Arthur Schnitzler an Hugo von Hofmannsthal, 23. 5. 1896

|Wien, 23. 5. 96.
Mein lieber Hugo, ich freue mich sehr dass Sie sich meiner erinnert haben u noch mehr, dass Sie bald zurückkommen. Im Juni wollen wir dann doch noch ein paar Mal zusammen sein. Und das eine Mal von den paar werde ich wohl das Stück vorlesen können. Ich habe jetzt mehr Zuversicht. Aber mit meinem ganzen Herzen bin ich doch nicht dabei. Vielleicht ist das sogar gut: vielleicht |ist es ein Fehler von vielen meiner Sachen, dass ich mit ihnen im Schreiben zu zärtlich geworden bin.

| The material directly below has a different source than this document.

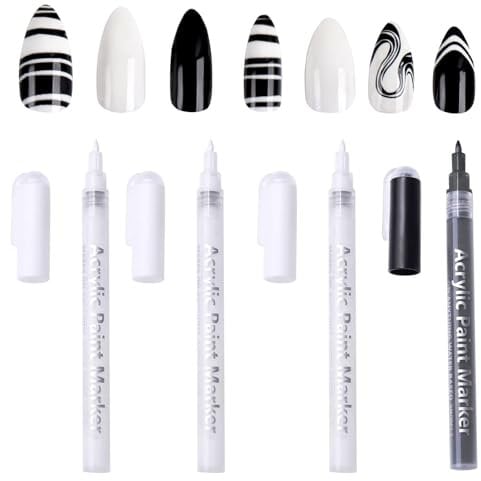 4 PCS Fine Tips Nail Art Pens,Nail Polish Pens UK,Quick-Drying White Nail Pencil,Thin Tip Nail Whitening Pencil,Suitable for DIY Dot and Line Pattern Nail Art Design (White + Black)
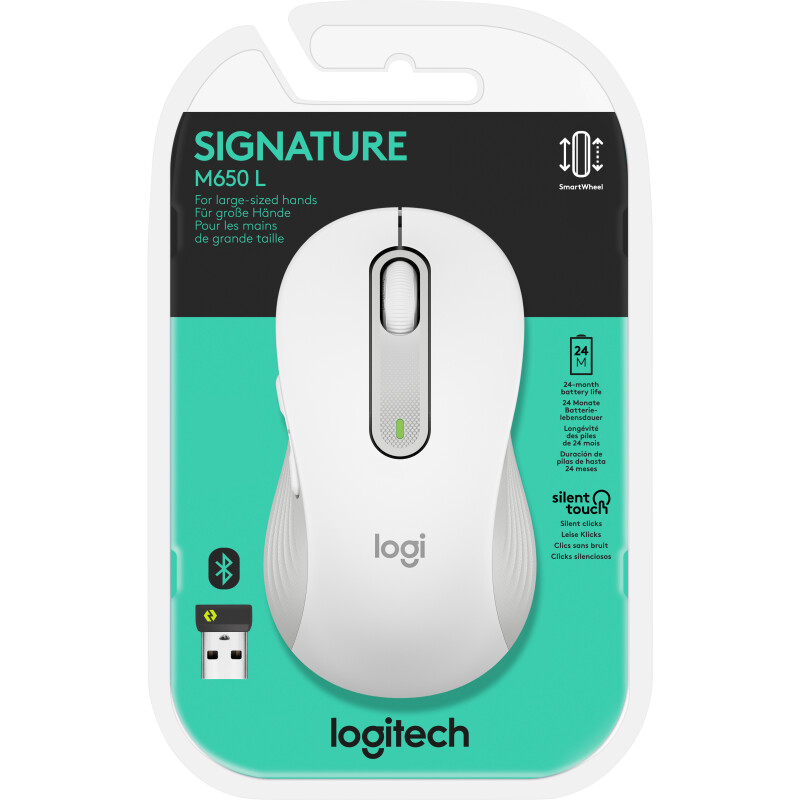 Logitech Maus M650 L, Signature, Wireless, Bolt, Bluetooth, weiss von LOGITECH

Ihren Artikel über Poesie und Leben habe ich als ein schönes Gedicht empfunden; aber es kam mir vor, als wenn Sie die Grenzen der Poesie zu eng gezogen hätten, während es doch Ihre Absicht war, sie zu erweitern. Woher eigentlich dieses sonderbare Bedürfnis kommt, über Kunst zu reden. Ich selbst fühl es manchmal, und |habe nachher immer oder oft das Gefühl etwas überflüssiges oder gar unrechtes gethan zu haben. Es kommt bestimmt nicht allein daher, dass das Theoretisiren einfach meinem Wesen nicht entspricht. Und meine Sehnsucht, ins Klare zu kommen, ist gewiss auch nicht gering. Und was Goethe, Lessing, Hebbel, was Sie und andre über Kunssagen, lese ich gern; manches beruhigt mich, indem es abschließt, andres bewegt |mich, indem es Thore aufschließt. Wir sprechen einmal darüber.

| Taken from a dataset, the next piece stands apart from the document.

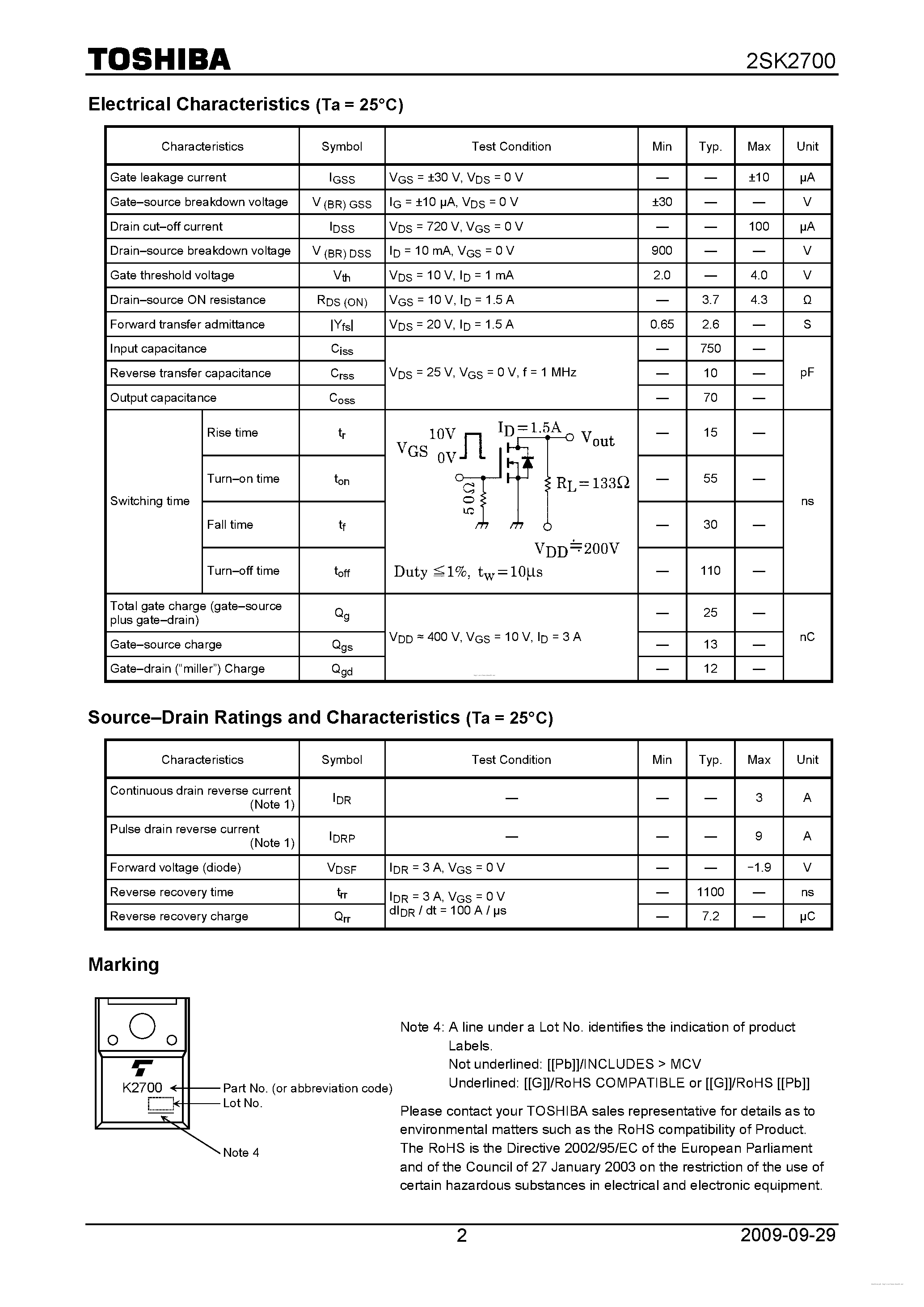 Datasheet K2700 - Search -----> 2SK2700 page 2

Brahm ist jetzt da, den ich persönlich gern habe. Gestern Abend waren er, Richard, Salten u. Schwarzkopf bei mir. – Gelesen hab ich die Frzs. Revol. von Taine, die Olla potrida des durchtriebenen Fuchsmundi, die Noten zum Divan und einen englischen Kriminalroman. – Mein Sommerplan ist jetzt Norwegen, Schweden, Dänemark; und eine Novelle. – Jetzt ist ein Gewitter mit Blitz und Donner und Abend geh ich zum »Zerrissenen«.
Herzlich der Ihre,
AS.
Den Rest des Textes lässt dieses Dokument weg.